**DATA SHOWN:**
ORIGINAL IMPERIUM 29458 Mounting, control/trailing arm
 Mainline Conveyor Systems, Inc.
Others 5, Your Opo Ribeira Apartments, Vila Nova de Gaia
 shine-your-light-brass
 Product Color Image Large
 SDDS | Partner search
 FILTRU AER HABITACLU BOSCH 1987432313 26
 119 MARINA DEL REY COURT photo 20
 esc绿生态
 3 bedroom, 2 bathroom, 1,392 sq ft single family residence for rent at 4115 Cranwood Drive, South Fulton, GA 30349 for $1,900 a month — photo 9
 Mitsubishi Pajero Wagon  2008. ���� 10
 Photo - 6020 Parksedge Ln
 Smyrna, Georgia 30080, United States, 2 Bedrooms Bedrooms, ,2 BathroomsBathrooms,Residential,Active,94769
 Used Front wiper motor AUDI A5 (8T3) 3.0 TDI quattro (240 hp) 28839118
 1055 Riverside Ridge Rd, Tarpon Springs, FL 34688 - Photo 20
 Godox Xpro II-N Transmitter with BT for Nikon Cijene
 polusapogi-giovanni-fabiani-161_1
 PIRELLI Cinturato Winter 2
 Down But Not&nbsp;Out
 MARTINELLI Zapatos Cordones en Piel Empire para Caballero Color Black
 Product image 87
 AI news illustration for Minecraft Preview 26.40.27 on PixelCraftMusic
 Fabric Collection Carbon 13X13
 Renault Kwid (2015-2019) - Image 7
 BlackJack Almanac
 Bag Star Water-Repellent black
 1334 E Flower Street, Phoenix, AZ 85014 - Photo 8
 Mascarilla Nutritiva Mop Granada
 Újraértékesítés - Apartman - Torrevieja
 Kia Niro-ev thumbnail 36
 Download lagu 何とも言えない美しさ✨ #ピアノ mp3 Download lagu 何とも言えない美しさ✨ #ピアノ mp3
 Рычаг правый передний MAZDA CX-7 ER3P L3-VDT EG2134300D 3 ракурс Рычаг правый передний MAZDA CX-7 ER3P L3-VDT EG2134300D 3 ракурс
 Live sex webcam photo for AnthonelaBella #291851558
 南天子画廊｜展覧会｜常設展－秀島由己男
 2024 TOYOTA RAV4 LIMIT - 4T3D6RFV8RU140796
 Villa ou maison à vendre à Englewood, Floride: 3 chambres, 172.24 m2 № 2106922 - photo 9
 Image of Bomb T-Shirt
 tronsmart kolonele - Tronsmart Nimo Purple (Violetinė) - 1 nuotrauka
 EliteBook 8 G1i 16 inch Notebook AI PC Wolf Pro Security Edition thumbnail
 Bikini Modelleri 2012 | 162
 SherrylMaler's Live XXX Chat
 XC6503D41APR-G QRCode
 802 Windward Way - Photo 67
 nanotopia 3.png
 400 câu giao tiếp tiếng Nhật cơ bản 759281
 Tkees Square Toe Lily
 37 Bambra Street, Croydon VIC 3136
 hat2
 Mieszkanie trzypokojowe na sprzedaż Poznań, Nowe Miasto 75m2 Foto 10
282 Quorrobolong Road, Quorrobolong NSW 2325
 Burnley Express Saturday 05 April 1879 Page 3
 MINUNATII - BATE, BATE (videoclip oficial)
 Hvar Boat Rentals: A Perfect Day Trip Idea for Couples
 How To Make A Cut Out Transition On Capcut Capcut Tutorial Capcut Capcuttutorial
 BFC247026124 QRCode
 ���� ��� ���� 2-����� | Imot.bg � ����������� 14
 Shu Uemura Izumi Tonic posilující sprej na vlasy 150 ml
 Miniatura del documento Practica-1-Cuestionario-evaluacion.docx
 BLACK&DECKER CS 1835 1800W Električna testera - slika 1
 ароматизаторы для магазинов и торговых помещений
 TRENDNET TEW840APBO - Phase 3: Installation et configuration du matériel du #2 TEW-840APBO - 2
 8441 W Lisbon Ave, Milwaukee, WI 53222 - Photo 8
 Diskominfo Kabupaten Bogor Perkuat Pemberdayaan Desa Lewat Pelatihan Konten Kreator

**TASK DIRECTIONS:** Referring to the material above, set down exactly the lines between the line with "37 Bambra Street, Croydon VIC 3136" and the line with "BFC247026124 QRCode", inclusive, and no other lines.

**RESPONSE TO THE TASK:**
 37 Bambra Street, Croydon VIC 3136
 hat2
 Mieszkanie trzypokojowe na sprzedaż Poznań, Nowe Miasto 75m2 Foto 10
282 Quorrobolong Road, Quorrobolong NSW 2325
 Burnley Express Saturday 05 April 1879 Page 3
 MINUNATII - BATE, BATE (videoclip oficial)
 Hvar Boat Rentals: A Perfect Day Trip Idea for Couples
 How To Make A Cut Out Transition On Capcut Capcut Tutorial Capcut Capcuttutorial
 BFC247026124 QRCode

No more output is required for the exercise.